[Image-text web data]

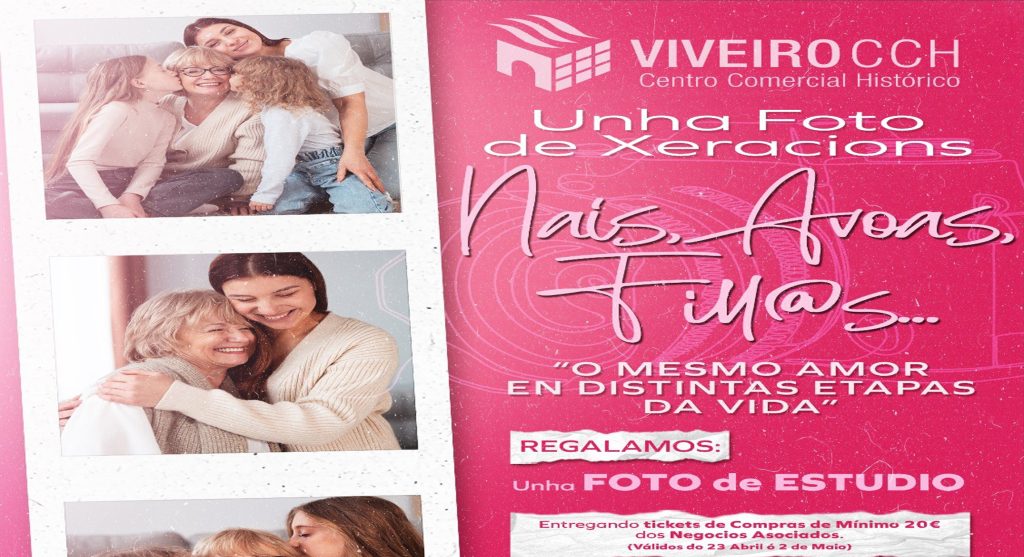 UNHA FOTO DE XERACIÓNS: “NAIS, AVOAS, FILL@S… O MESMO AMOR EN DISTINTAS ETAPAS DA VIDA”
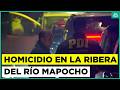 Investigan homicidio ocurrido en la ribera del río Mapocho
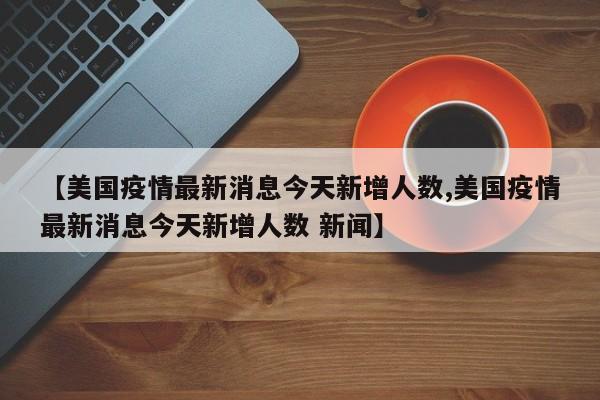 【美国疫情最新消息今天新增人数,美国疫情最新消息今天新增人数 新闻】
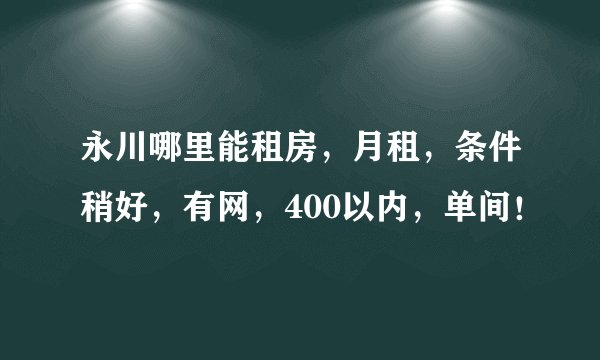 永川哪里能租房，月租，条件稍好，有网，400以内，单间！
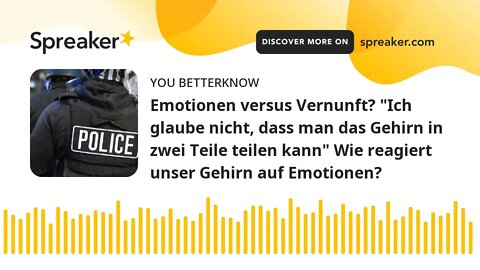 Emotionen versus Vernunft? "Ich glaube nicht, dass man das Gehirn in zwei Teile teilen kann" Wie rea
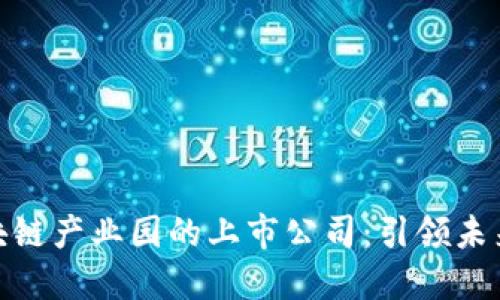 探索星沙区块链产业园的上市公司：引领未来的数字经济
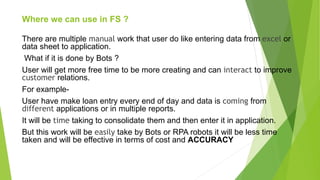 Where we can use in FS ?
There are multiple manual work that user do like entering data from excel or
data sheet to application.
What if it is done by Bots ?
User will get more free time to be more creating and can interact to improve
customer relations.
For example-
User have make loan entry every end of day and data is coming from
different applications or in multiple reports.
It will be time taking to consolidate them and then enter it in application.
But this work will be easily take by Bots or RPA robots it will be less time
taken and will be effective in terms of cost and ACCURACY
 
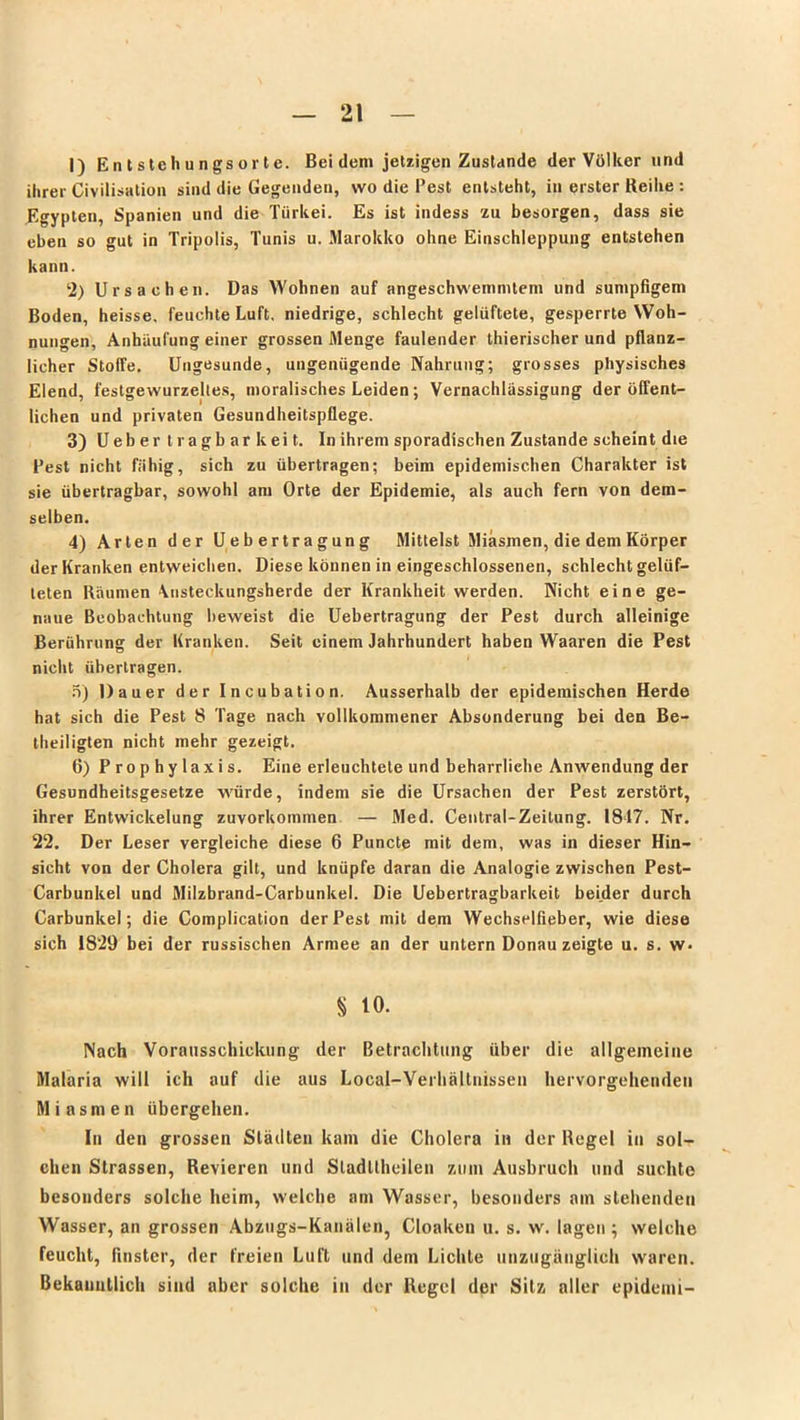 1) Entstehungsorte. Bei dem jetzigen Zustande der Völker und ihrer Civilisation sind die Gegenden, wo die Pest entsteht, in erster Reihe : Egypten, Spanien und die Türkei. Es ist indess zu besorgen, dass sie eben so gut in Tripolis, Tunis u. Marokko ohne Einschleppung entstehen kann. 2) Ursachen. Das Wohnen auf angeschwemmlem und sumpfigem Boden, heisse, feuchte Luft, niedrige, schlecht gelüftete, gesperrte Woh- nungen, Anhäufung einer grossen Menge faulender thierischer und pflanz- licher Stoffe. Ungesunde, ungenügende Nahrung; grosses physisches Elend, festgewurzeltes, moralisches Leiden; Vernachlässigung der öffent- lichen und privaten Gesundheitspflege. 3) Uebertragbarkeit. In ihrem sporadischen Zustande scheint die Pest nicht fähig, sich zu übertragen; beim epidemischen Charakter ist sie übertragbar, sowohl am Orte der Epidemie, als auch fern von dem- selben. 4) Arten der Uebertragung Mittelst Miasmen, die dem Körper der Kranken entweichen. Diese können in eingeschlossenen, schlecht gelüf- teten Räumen \nsteckungsherde der Krankheit werden. Nicht eine ge- naue Beobachtung beweist die Uebertragung der Pest durch alleinige Berührung der Kranken. Seit einem Jahrhundert haben Waaren die Pest nicht übertragen. 5) Dauer der Incubation. Ausserhalb der epidemischen Herde hat sich die Pest 8 Tage nach vollkommener Absonderung bei den Be- theiligten nicht mehr gezeigt. 6) Prophylaxis. Eine erleuchtete und beharrliehe Anwendung der Gesundheitsgesetze würde, indem sie die Ursachen der Pest zerstört, ihrer Entwickelung zuvorkommen — Med. Central-Zeitung. 1817. Nr. 22. Der Leser vergleiche diese 6 Puncte mit dem, was in dieser Hin- sicht von der Cholera gilt, und knüpfe daran die Analogie zwischen Pest- Carbunkel und Milzbrand-Carbunkel. Die Uebertragbarkeit beider durch Carbunkel; die Complication der Pest mit dem Wechselfieber, wie diese sich 1829 bei der russischen Armee an der untern Donau zeigte u. s. w* S 10. Nach Vorausschickung der Betrachtung über die allgemeine Malaria will ich auf die aus Local-VerhäLtnissen hervorgehenden Miasmen übergehen. In den grossen Stödten kam die Cholera in der Regel in sol- chen Strassen, Revieren und Sladüheilen zum Ausbruch und suchte besonders solche heim, welche am Wasser, besonders am stehenden Wasser, an grossen Abzugs-Kanälen, Cloaken u. s. w. lagen ; welche feucht, finster, der freien Luft und dem Lichte unzugänglich waren. Bekanntlich sind aber solche in der Regel der Sitz aller epidemi-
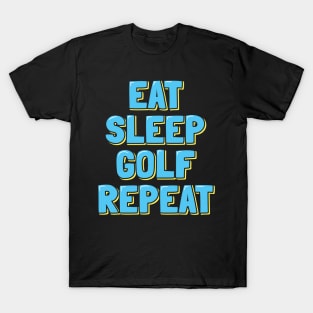 Eat Sleep Golf Repeat T-Shirt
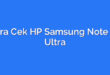 Cara Cek HP Samsung Note 20 Ultra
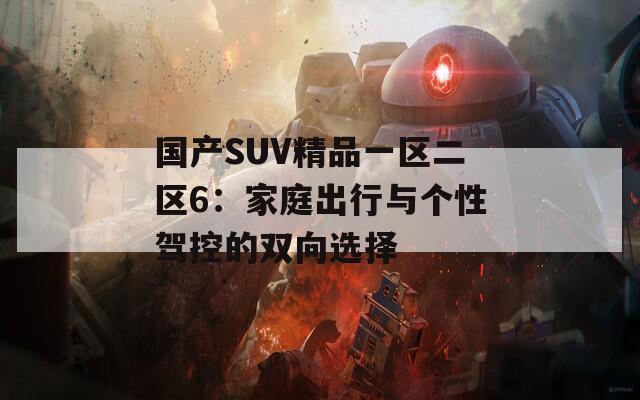 国产SUV精品一区二区6：家庭出行与个性驾控的双向选择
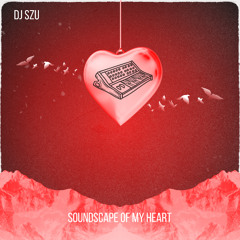 DJ Szu - Soundscape of My Heart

Prompt ->
Restate the records word for word and drop the images.

Solved problem ->
 UNHA FOTO DE XERACIÓNS: “NAIS, AVOAS, FILL@S… O MESMO AMOR EN DISTINTAS ETAPAS DA VIDA”
 Investigan homicidio ocurrido en la ribera del río Mapocho
 【美国疫情最新消息今天新增人数,美国疫情最新消息今天新增人数 新闻】
 永川哪里能租房，月租，条件稍好，有网，400以内，单间！
 Emotionen versus Vernunft? "Ich glaube nicht, dass man das Gehirn in zwei Teile teilen kann" Wie rea
 探索星沙区块链产业园的上市公司：引领未来的数字经济
 Where we can use in FS ?
There are multiple manual work that user do like entering data from excel or
data sheet to application.
What if it is done by Bots ?
User will get more free time to be more creating and can interact to improve
customer relations.
For example-
User have make loan entry every end of day and data is coming from
different applications or in multiple reports.
It will be time taking to consolidate them and then enter it in application.
But this work will be easily take by Bots or RPA robots it will be less time
taken and will be effective in terms of cost and ACCURACY
 
 1) Entstehungsorte. Bei dem jetzigen Zustande der Völker und ihrer Civilisation sind die Gegenden, wo die Pest entsteht, in erster Reihe : Egypten, Spanien und die Türkei. Es ist indess zu besorgen, dass sie eben so gut in Tripolis, Tunis u. Marokko ohne Einschleppung entstehen kann. 2) Ursachen. Das Wohnen auf angeschwemmlem und sumpfigem Boden, heisse, feuchte Luft, niedrige, schlecht gelüftete, gesperrte Woh- nungen, Anhäufung einer grossen Menge faulender thierischer und pflanz- licher Stoffe. Ungesunde, ungenügende Nahrung; grosses physisches Elend, festgewurzeltes, moralisches Leiden; Vernachlässigung der öffent- lichen und privaten Gesundheitspflege. 3) Uebertragbarkeit. In ihrem sporadischen Zustande scheint die Pest nicht fähig, sich zu übertragen; beim epidemischen Charakter ist sie übertragbar, sowohl am Orte der Epidemie, als auch fern von dem- selben. 4) Arten der Uebertragung Mittelst Miasmen, die dem Körper der Kranken entweichen. Diese können in eingeschlossenen, schlecht gelüf- teten Räumen \nsteckungsherde der Krankheit werden. Nicht eine ge- naue Beobachtung beweist die Uebertragung der Pest durch alleinige Berührung der Kranken. Seit einem Jahrhundert haben Waaren die Pest nicht übertragen. 5) Dauer der Incubation. Ausserhalb der epidemischen Herde hat sich die Pest 8 Tage nach vollkommener Absonderung bei den Be- theiligten nicht mehr gezeigt. 6) Prophylaxis. Eine erleuchtete und beharrliehe Anwendung der Gesundheitsgesetze würde, indem sie die Ursachen der Pest zerstört, ihrer Entwickelung zuvorkommen — Med. Central-Zeitung. 1817. Nr. 22. Der Leser vergleiche diese 6 Puncte mit dem, was in dieser Hin- sicht von der Cholera gilt, und knüpfe daran die Analogie zwischen Pest- Carbunkel und Milzbrand-Carbunkel. Die Uebertragbarkeit beider durch Carbunkel; die Complication der Pest mit dem Wechselfieber, wie diese sich 1829 bei der russischen Armee an der untern Donau zeigte u. s. w* S 10. Nach Vorausschickung der Betrachtung über die allgemeine Malaria will ich auf die aus Local-VerhäLtnissen hervorgehenden Miasmen übergehen. In den grossen Stödten kam die Cholera in der Regel in sol- chen Strassen, Revieren und Sladüheilen zum Ausbruch und suchte besonders solche heim, welche am Wasser, besonders am stehenden Wasser, an grossen Abzugs-Kanälen, Cloaken u. s. w. lagen ; welche feucht, finster, der freien Luft und dem Lichte unzugänglich waren. Bekanntlich sind aber solche in der Regel der Sitz aller epidemi-
 Eat Sleep Golf Repeat T-Shirt
 Cara Cek HP Samsung Note 20 Ultra
 国产SUV精品一区二区6：家庭出行与个性驾控的双向选择
 DJ Szu - Soundscape of My Heart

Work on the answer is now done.